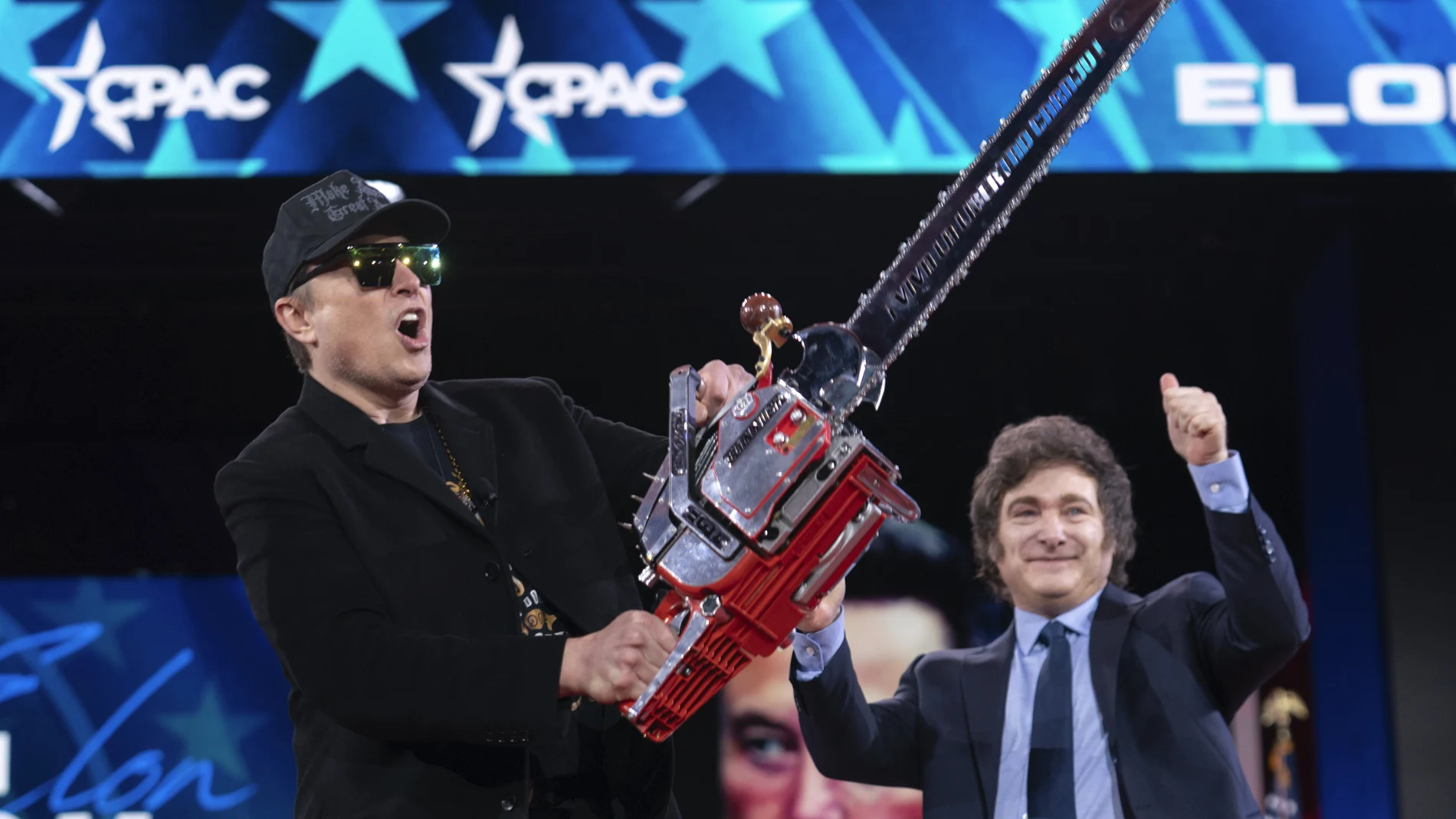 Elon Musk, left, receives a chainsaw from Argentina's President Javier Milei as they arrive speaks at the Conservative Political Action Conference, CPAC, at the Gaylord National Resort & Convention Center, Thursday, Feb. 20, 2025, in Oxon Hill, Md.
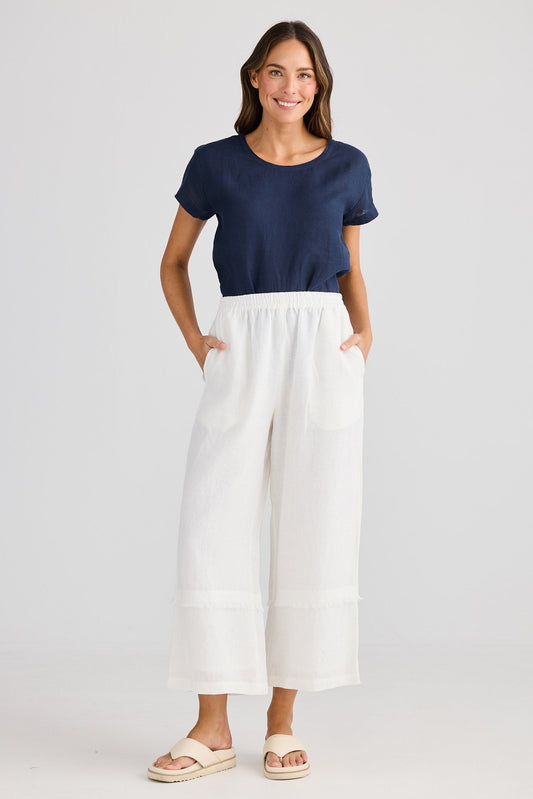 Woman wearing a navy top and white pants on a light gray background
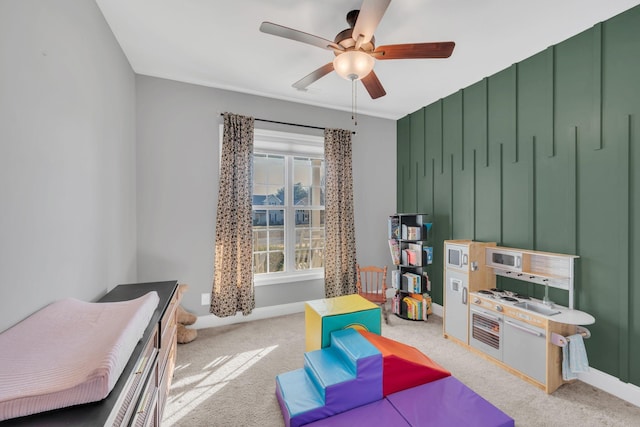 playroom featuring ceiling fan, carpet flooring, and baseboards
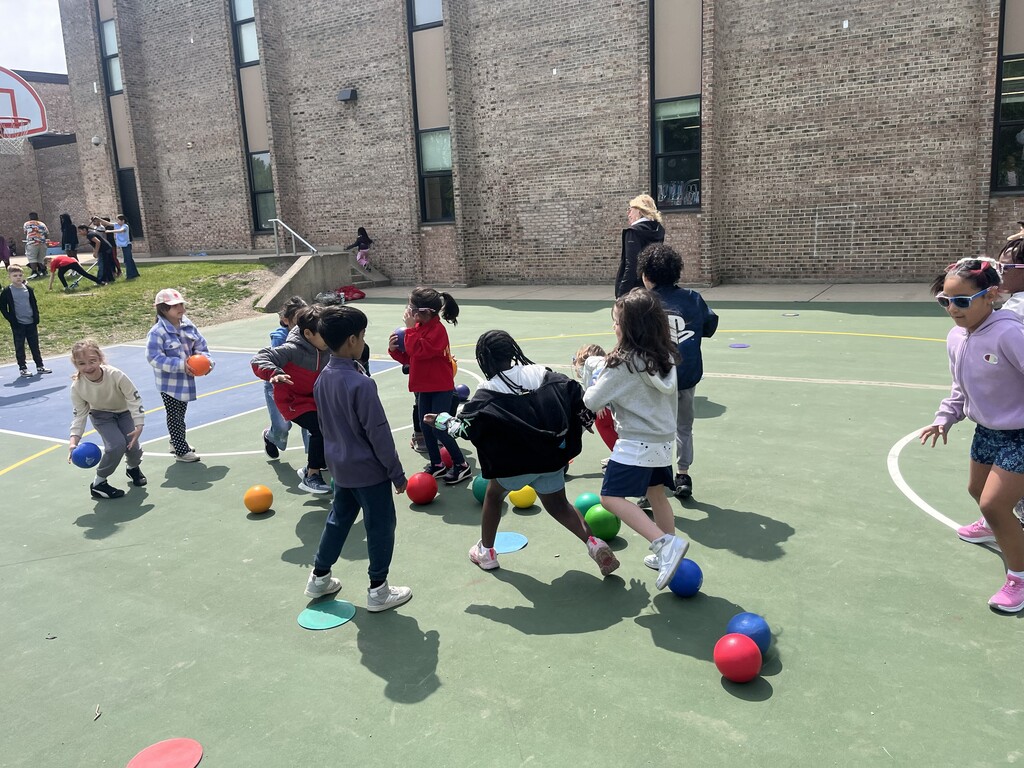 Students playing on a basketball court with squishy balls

----

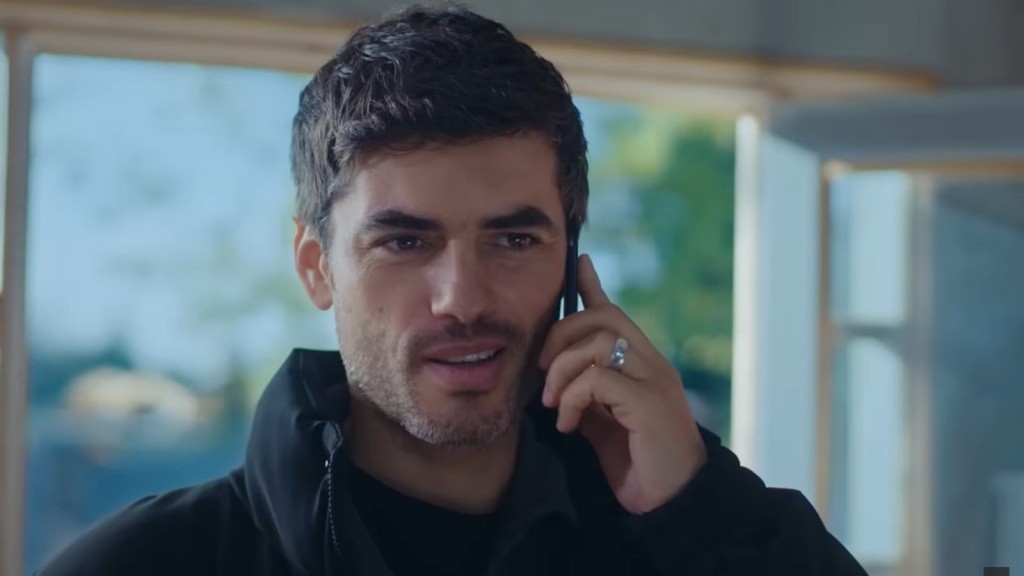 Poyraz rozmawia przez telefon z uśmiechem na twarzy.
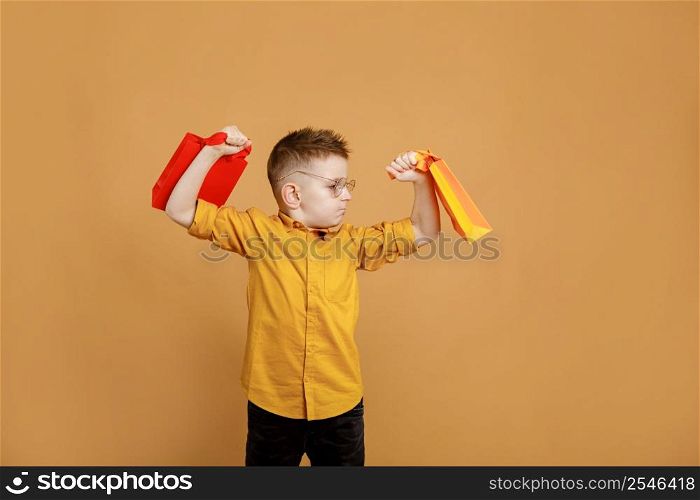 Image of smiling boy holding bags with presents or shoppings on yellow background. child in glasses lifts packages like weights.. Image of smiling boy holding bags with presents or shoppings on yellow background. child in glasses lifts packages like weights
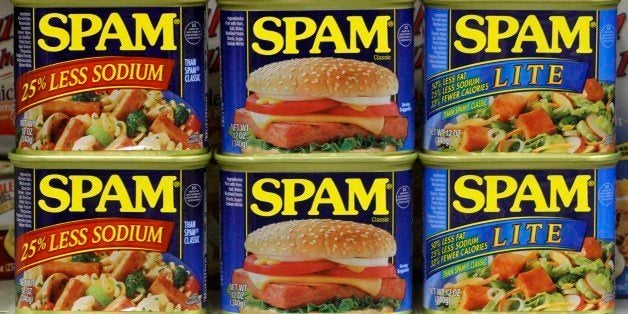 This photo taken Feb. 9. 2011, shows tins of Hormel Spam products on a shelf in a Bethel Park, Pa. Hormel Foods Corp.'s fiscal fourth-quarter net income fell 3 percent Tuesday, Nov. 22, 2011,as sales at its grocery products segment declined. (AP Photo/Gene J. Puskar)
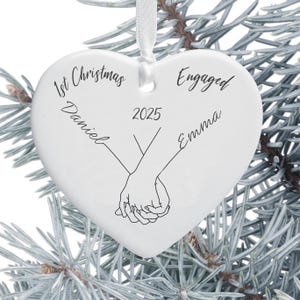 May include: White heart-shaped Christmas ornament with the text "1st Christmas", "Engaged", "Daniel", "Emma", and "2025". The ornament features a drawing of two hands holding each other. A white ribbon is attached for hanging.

----

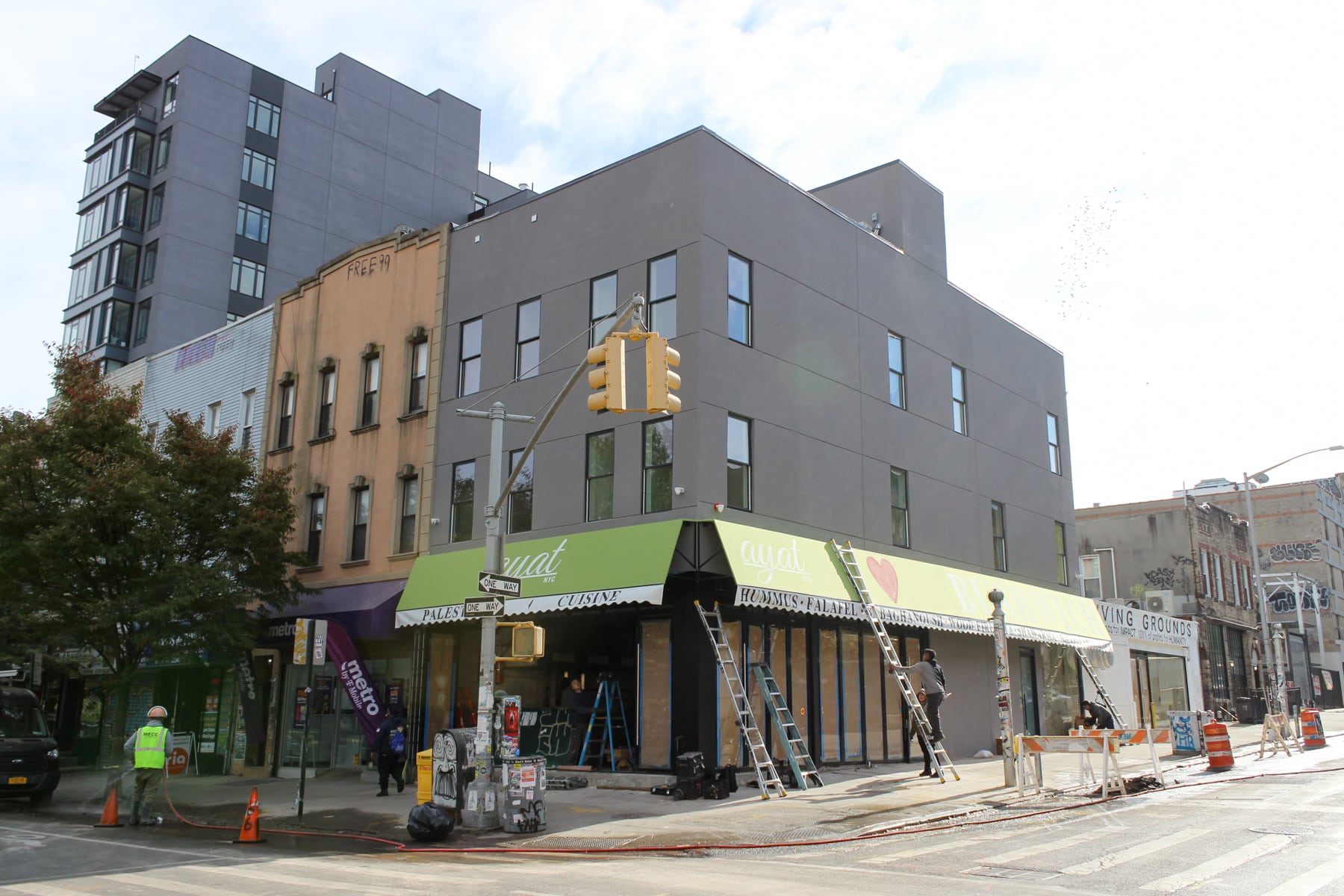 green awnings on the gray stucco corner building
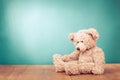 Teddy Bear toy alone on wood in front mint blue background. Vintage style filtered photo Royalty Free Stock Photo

----

▶ _Task to carry out_: What you need to produce is an exact copy of the entries above, limited to the lines from the one with "This photo taken" up to and including the one with "May include: White", without pictures.

▶ _Solution below_:
 This photo taken Feb. 9. 2011, shows tins of Hormel Spam products on a shelf in a Bethel Park, Pa. Hormel Foods Corp.'s fiscal fourth-quarter net income fell 3 percent Tuesday, Nov. 22, 2011,as sales at its grocery products segment declined. (AP Photo/Gene J. Puskar)
 May include: White heart-shaped Christmas ornament with the text "1st Christmas", "Engaged", "Daniel", "Emma", and "2025". The ornament features a drawing of two hands holding each other. A white ribbon is attached for hanging.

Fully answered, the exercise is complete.